As gerações mais novas, portanto, passaram a ter uma relação muito mais volátil, acelerada e mais relacionada com um prazo de vida do produto muito menor do que os comprados pelos familiares mais velhos. "Essas novas gerações, principalmente dos anos 1990 para frente, foram submetidas à amplificação da obsolescência. Seja pela obsolescência programada dos produtos para eles durarem pouco, seja pela grande oferta de novos produtos e modelos em um espaço tempo menor", explica o coordenador da UFOP. "Todas essas gerações têm em comum que elas fazem parte de um paradigma social que é a sociedade de consumo. Cada um foi contribuindo de alguma forma para chegar ao que nós somos hoje, onde o ato de consumir caracteriza muita das vezes quem nós somos perante a sociedade", acrescenta.

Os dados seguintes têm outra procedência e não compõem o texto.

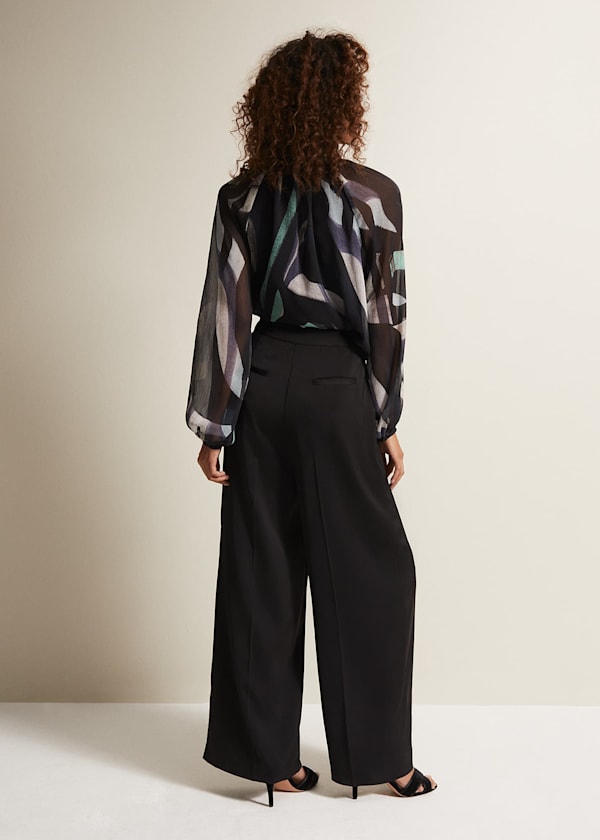 Shellina Black Satin Wide Leg Trousers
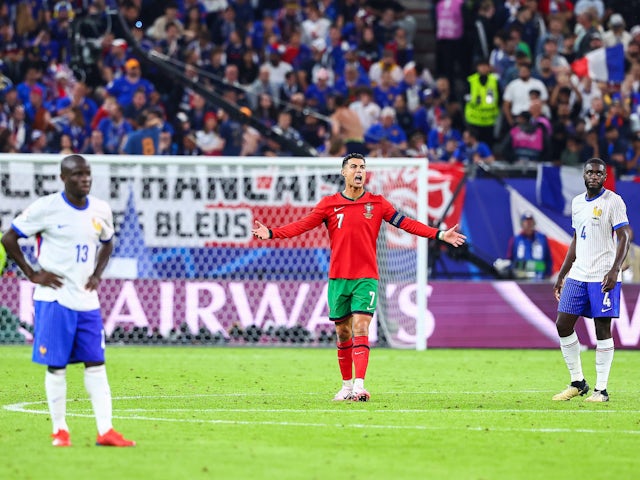 Cristiano Ronaldo encourages the Portugal team at Euro 2024, on July 5th 2024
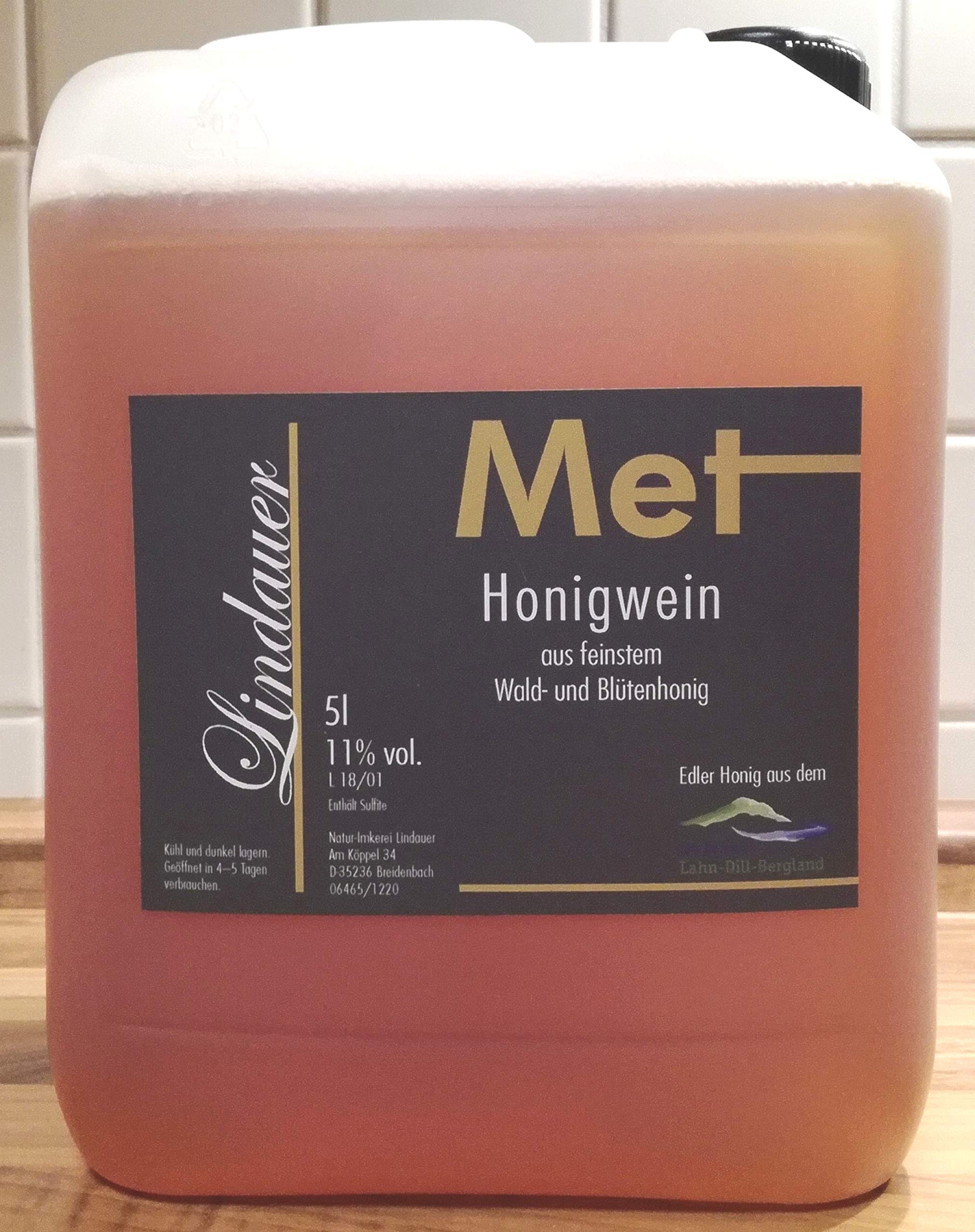 Original Lindauer MET - Lieblicher Honigwein, 11%, 5 L, Premium Met aus Deutschland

O próprio tamanho das famílias também influencia os hábitos de consumo, de acordo com Carlos Eduardo Freitas Vian, do departamento de economia e administração da Escola Superior de Agricultura Luiz de Queiroz da Universidade de São Paulo (Esalq-USP). Os grupos familiares estão ficando menores, a necessidade de compartilhar e trocar coisas foi diminuindo, e houve um barateamento dos itens de consumo. A revolução tecnológica mudou isso. Na minha geração, não precisávamos de um celular. Hoje, temos uma oferta de muitos serviços e de produtos que são mais baratos", detalha o acadêmico.